By Vicky via Discussions on Python.org at 25Mar2022 21:34:
Hi, I am trying to write a small program that will consecutively open
all the files with a .html extension in a location, do some work on
them and then save them using the same name but with .txt extension.
This is what I have. The code doesn’t give any errors but the new files are not being created, and I have the impression that nothing happens.
Not quite. I recommend you put in some print calls. If nothing else, a
print(file)
at the top of the loop will tell you which files are being
processed (or at least, are supposed to be being processed, as we will
see below).
The parser function in itself works (I have tried it on a single separate file and it works fine).
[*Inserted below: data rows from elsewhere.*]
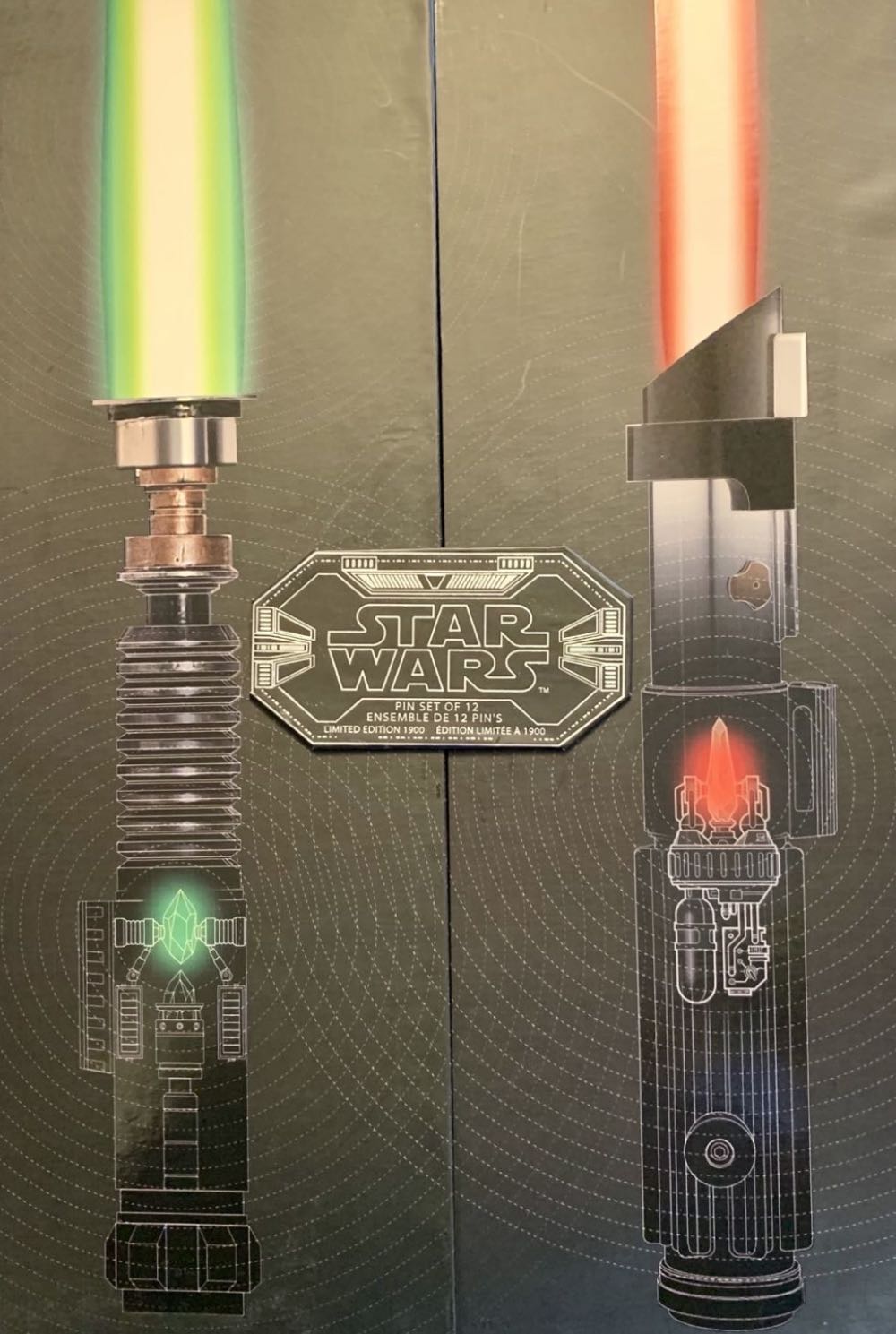 Lightsaber Collection - Count Dooku - Bas-relief pin collectible - Main Image 4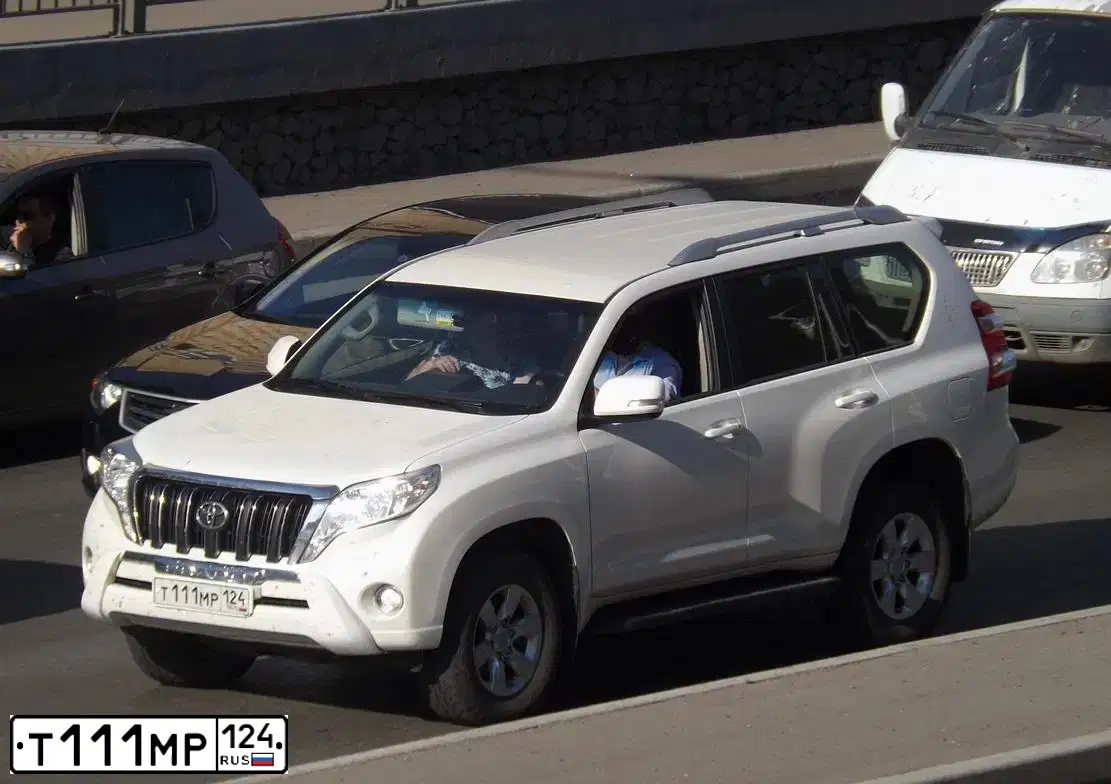 Фото автомобиля TOYOTA LAND CRUISER, 2013 — госномер К976ОК193. Цвет: Белый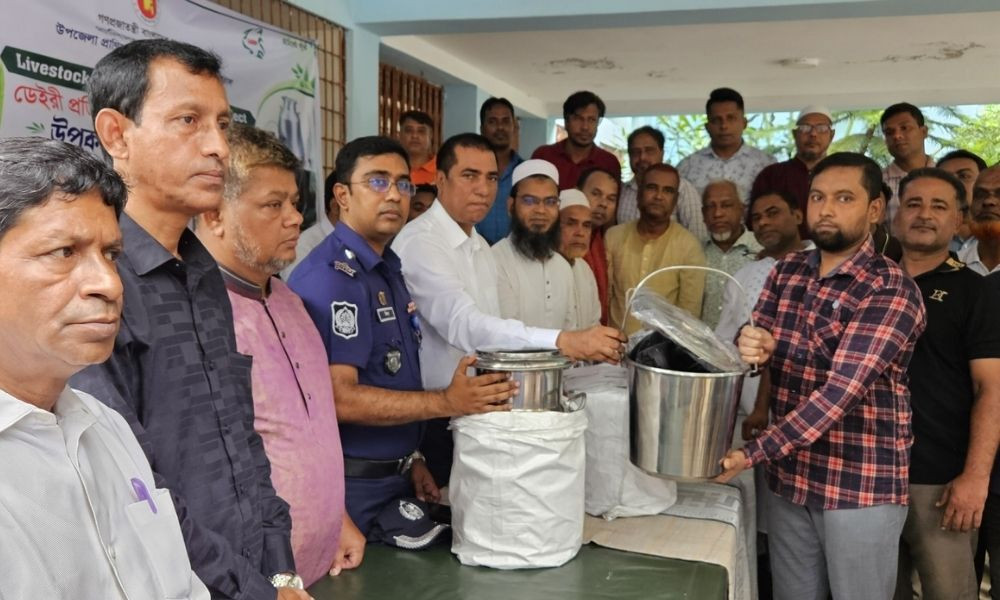 পটিয়ায় ৬০০ খামারির হাতে প্রাণিসম্পদ উন্নয়ন প্রকল্পের উপকরণ বিতরণ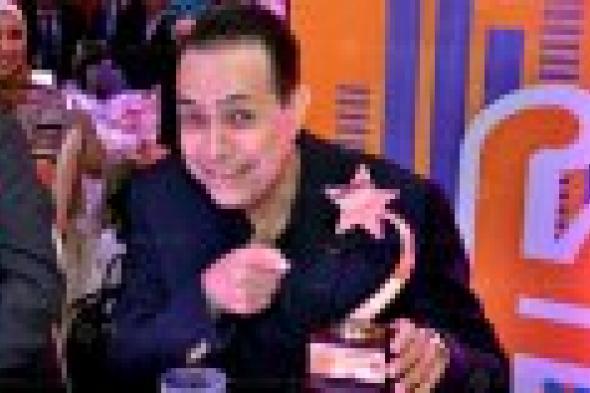 بالصور: تكريم حكيم عن"حلاوة روح" كأكثر الأغاني استماعًا علي الموبايل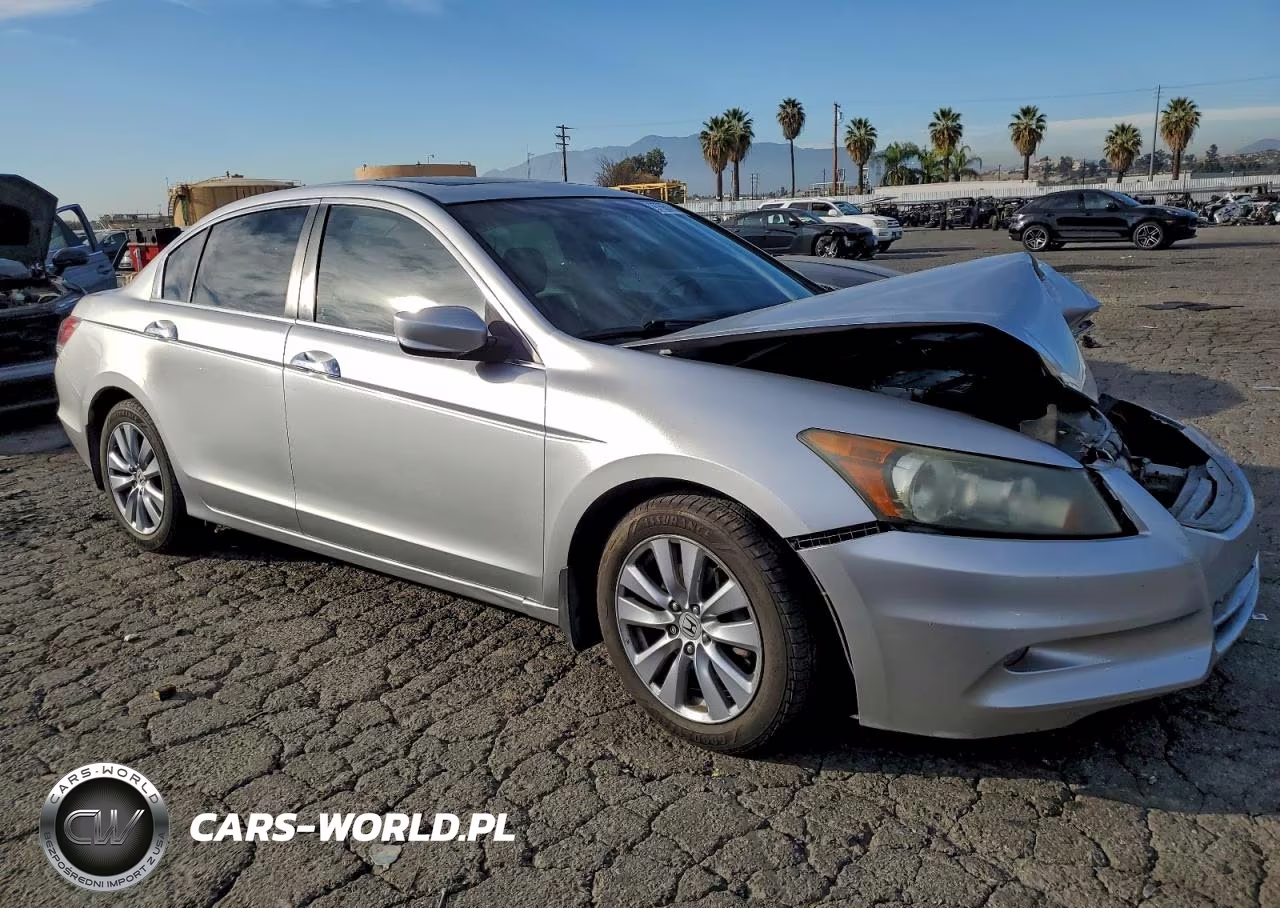 2011 Honda Accord Exl VIN:1HGCP3F85BA015924 - 4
Personally, I would make parser()
work on a single file, and call it
inside a loop. It simplifies the function a lot.
However, to your actual code:
import re # de module regular expressions wordt geïmporteerd.
from pathlib import Path
import os
source_dir = Path('/VGw_LanguageDetector')
files = source_dir.glob('*.html')
def parser():
for file in files:
f = open('file', 'a+', encoding='utf8')
f2 = open('filename.txt', 'a+', encoding='utf8') # creëert een nieuwe file om de output naar weg te schrijven
The big problem here is that you’re opening fixed files names here, not
names from the loop. This:
f = open('file', 'a+', encoding='utf8')
opens a file called 'file'
, and not the file named by your variable
file
. The same for this:
f2 = open('filename.txt', 'a+', encoding='utf8') # creëert een nieuwe file om de output naar weg te schrijven
which opens the filename 'filename.txt'
, not a filename derives from
your variable file
.
Something like this:
f = open(file, 'a+', encoding='utf8')
f2 = open(file + '.txt', 'a+', encoding='utf8') # creëert een nieuwe file om de output naar weg te schrijven
I would be using more clear variable names, such as “html_filename” and
“text_filename”, for example:
for html_filename in files:
text_filename = html_filename + '.txt'
f = open(html_filename, 'a+', encoding='utf8')
f2 = open(text_filename, 'a+', encoding='utf8') # creëert een nieuwe file om de output naar weg te schrijven
That is your primary problem. However, there are a number of other
things to remark upon:
f = open(html_filename, 'a+', encoding='utf8')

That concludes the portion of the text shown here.